In response to Chris Stroffolino, yes, I must admit that Cleopatra does say
that she will commit suicide before she meets Doladella, but I point out
that Dolabella gives her the information that pushes her over the edge; he
tells her that Caesar intends to take her to Rome and that she has a limited
time in which to commit suicide. I'm not saying that Dolabella controls her
actions, but I do believe that he convinces her to act. And, yes, she does
seem to be wavering in her last scene. The Seleucus episode may be seen as a
trial of Caesar's possible infatuation with her (or if you will, a smoke
screen to convince him that she's not going to commit suicide). Would she
have acted so decisively if Dolabella hadn't given her the nudge?
 
In response to Chris Couche, please, let me have a little mystery in all
this! Bevington in this case is wrong. Please, Chris, give my position a
chance, and check the scene as it appears in the Folio. If you check
Bevington's edited scene with the Folio scene, you will see what I mean.

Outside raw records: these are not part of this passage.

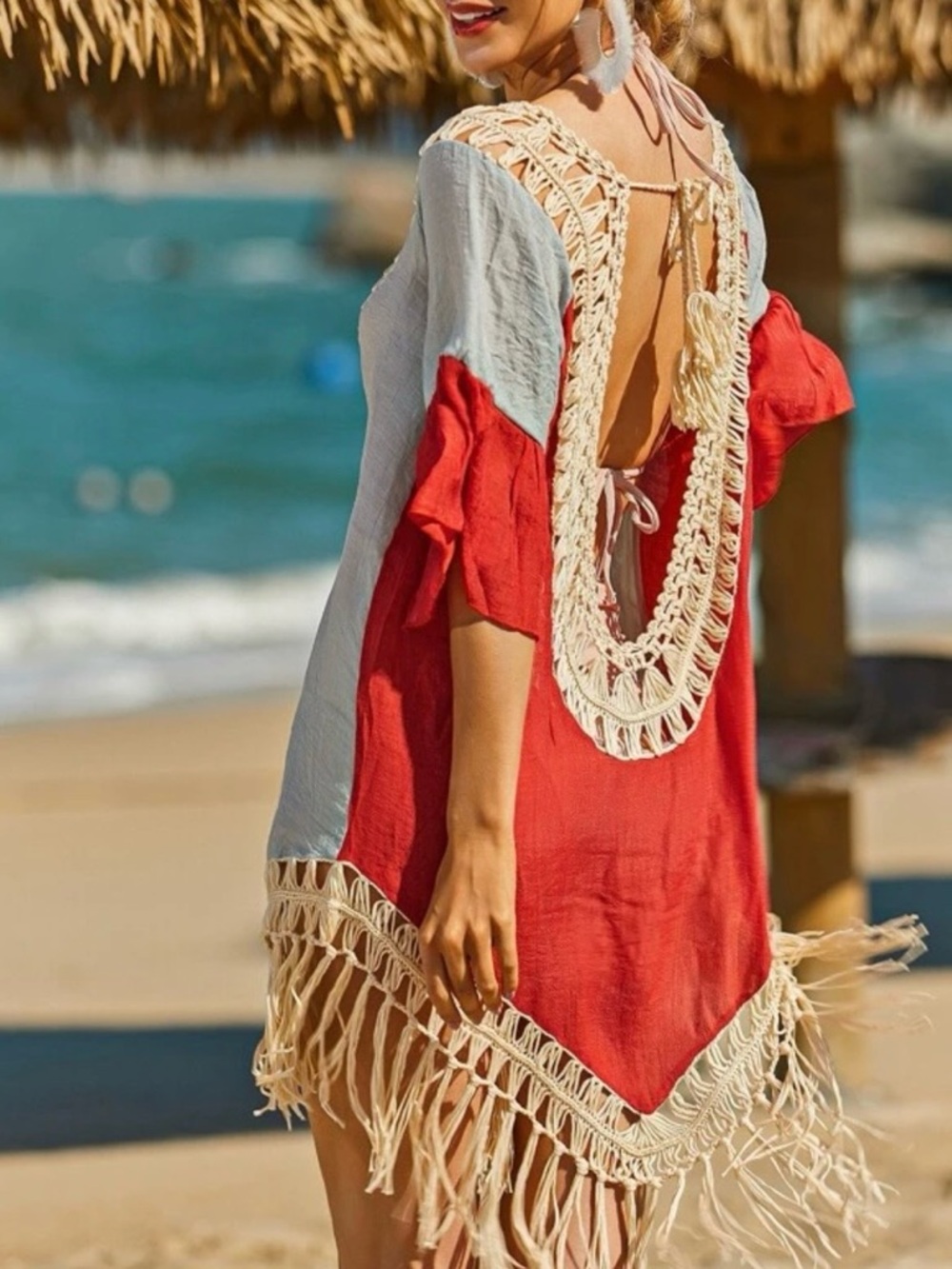 SHEIN Colorblock Light Blue & Red Boho Fringe Hem Cover-Up Summer Tunic Size OS - Picture 2 of 10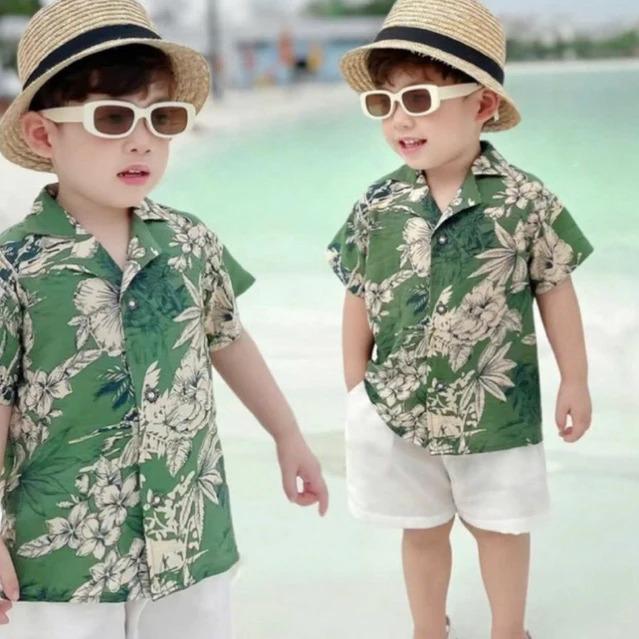 Bộ cộc tay đũi mềm cho bé trai đi biển 7-25kg 1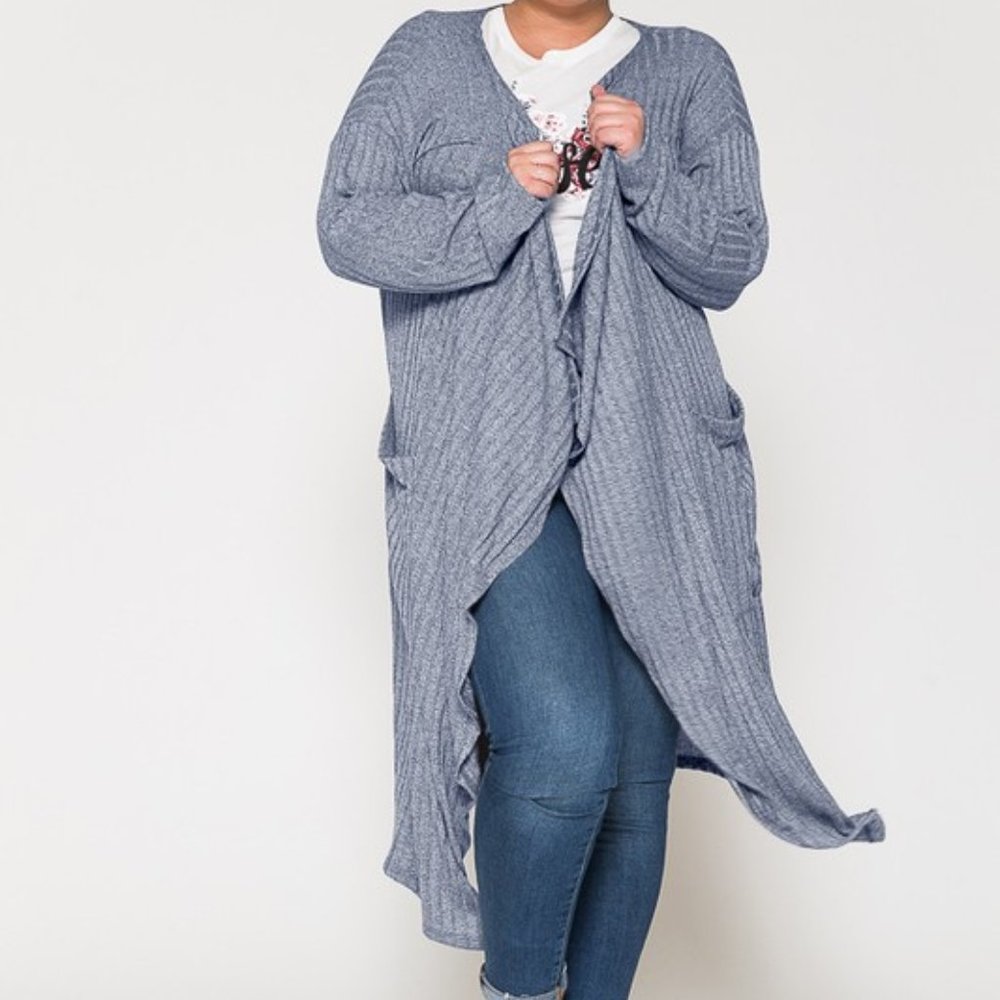 🔸️sale🔸️Denim colored PS Sophie Ribbed Cardigan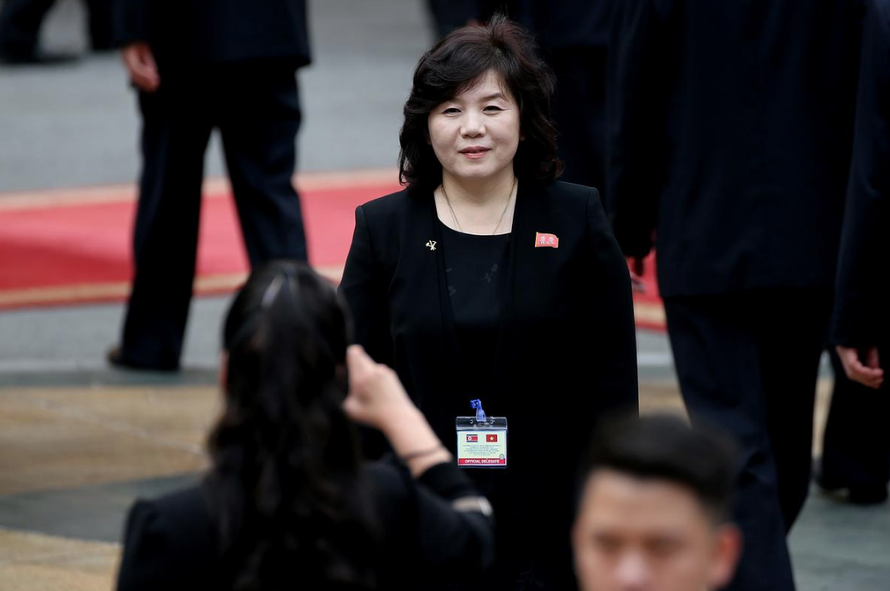 Bà Choe Son Hui tháp tùng Chủ tịch Kim Jong-un trong chuyến thăm chính thức Việt Nam tháng 3/2019. Ảnh: Reuters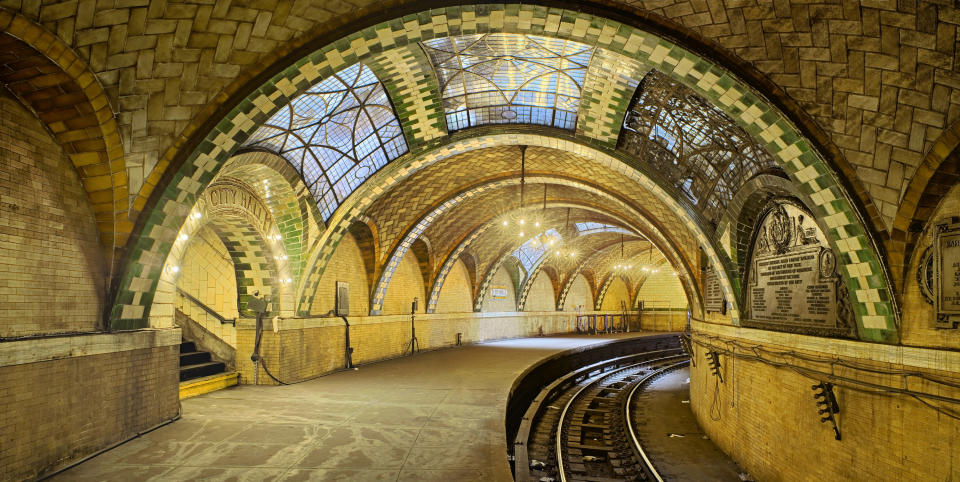 This undated photo provided by the Museum of the City of New York shows tile vaulting by the Gustavino company in New York's old City Hall Subway Station. Rafael Guastavino and his son Rafael Jr., are the subjects of the new exhibition "Palaces for the People: Guastavino and the Art of Structural Tile," a new exhibition opening March 26, 2014, at the City Museum. (AP Photo/Museum of the City of New York, Michael Freeman)(AP Photo/Museum of the City of New York, Michael Freeman)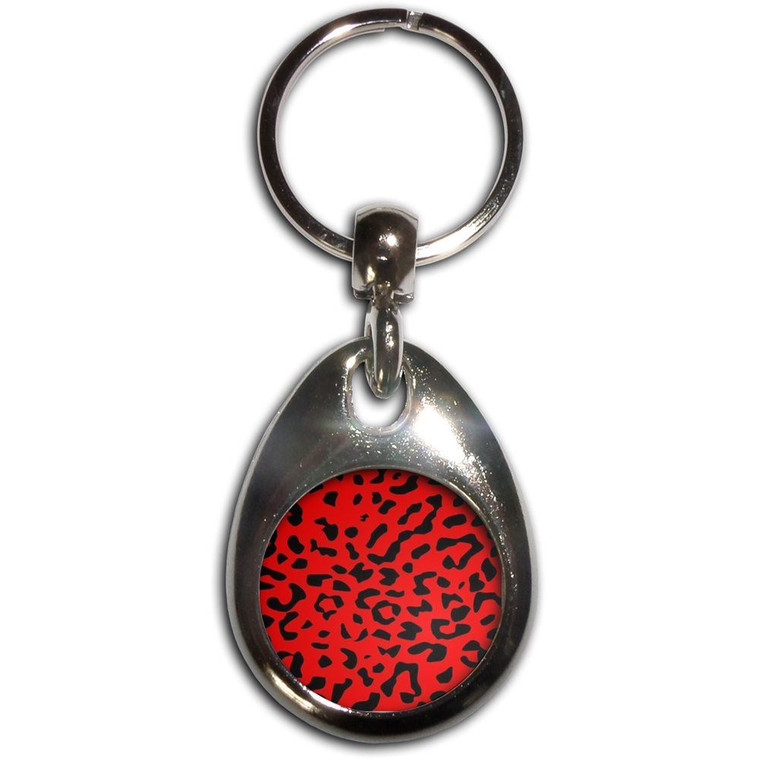 Red Leopard Print - Tear Drop Metal Key Ring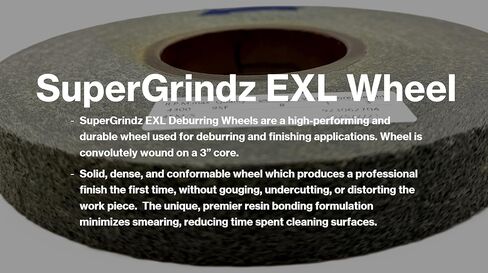 EXL Deburring Wheel - 8" x 1" x 3" 9S Fine Grit - Silicon Carbide - Metal Deburring, Finishing and Polishing Wheel - Convolute - (1 Pack) in Kuwait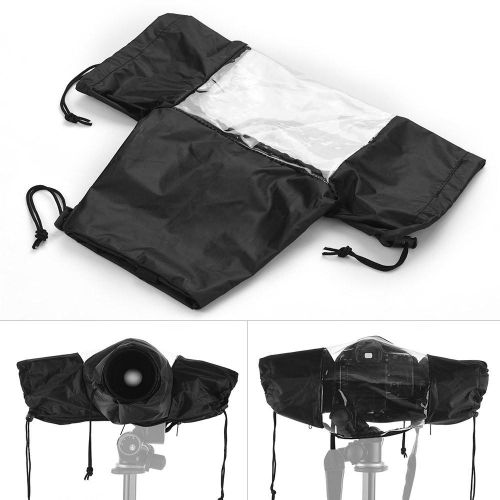 Standard Camera Waterproof Rain Cover Sleeve Protector Raincoat for Canon Nikon Sony DSLR Cameras Black - black My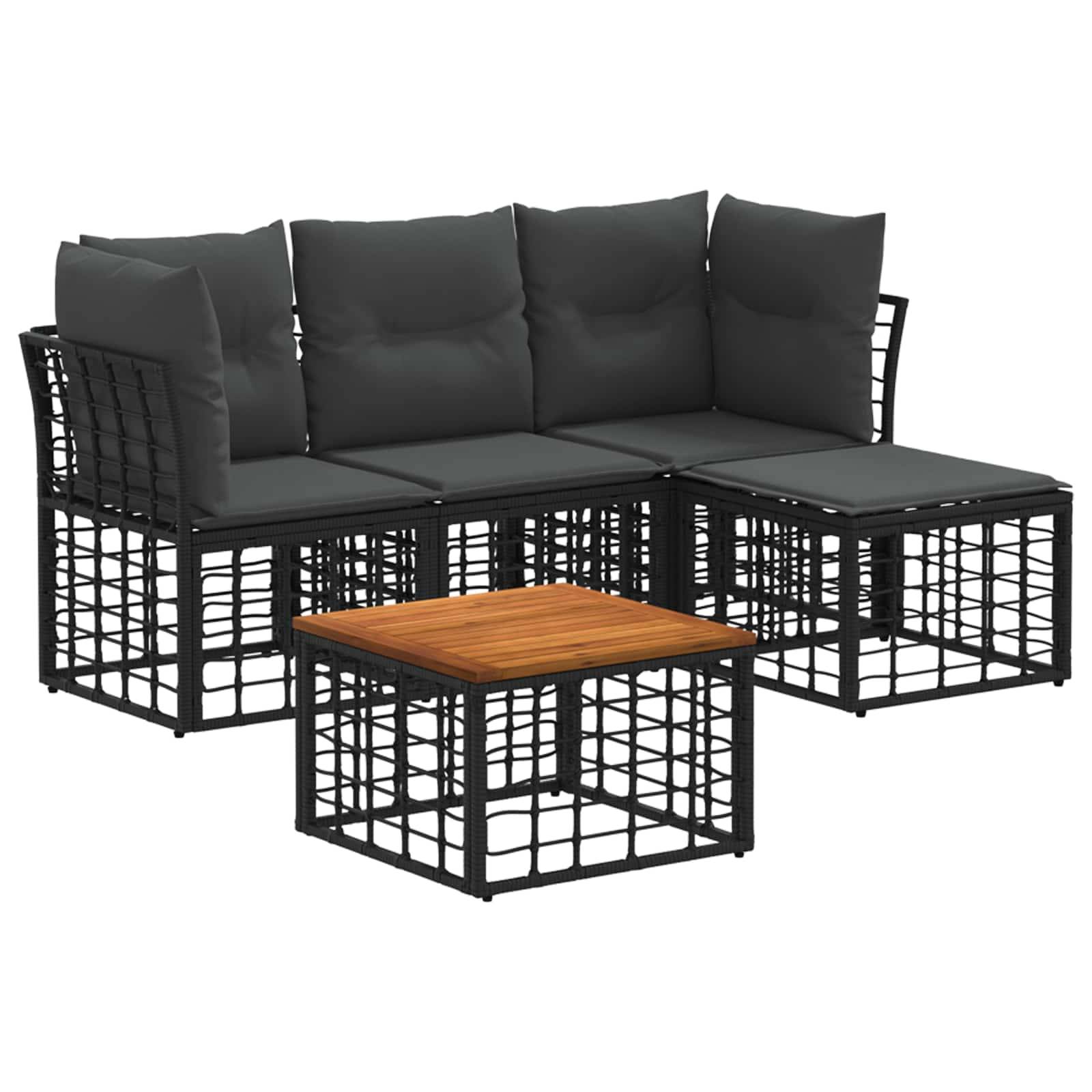 vidaXL Outdoor-Sofagarnitur 5 pcs Schwarz und Dunkelgrau Polyester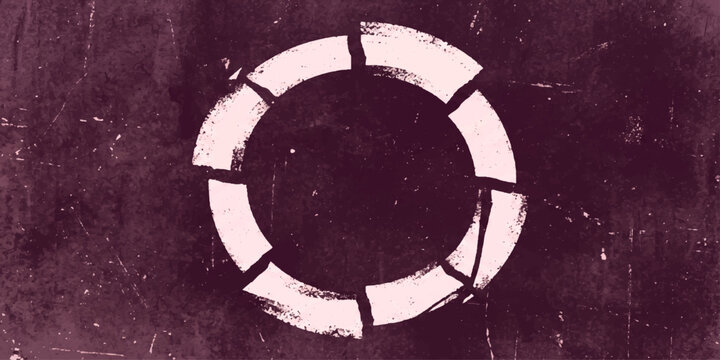 Fragmented Circle on Textured Background A stark, minimalist graphic depicts a broken or segmented circle rendered in a rough, brushstroke style against a dark, distressed background.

Dolabella does NOT leave before news of Antony's death is delivered to
Caesar. Bevington, like other editors, changes Dolabella's role, and then
rationalizes the change.
 
If Dolabella's mission is secret (he's one of Caesar's secret agents in my
production), then his mission is not public. Caesar does not want to appear
in this. Publicly he wants his wealthy supporters to believe that he wishes
to take Cleopatra back to Rome alive. Caesar is a generous conqueror, etc.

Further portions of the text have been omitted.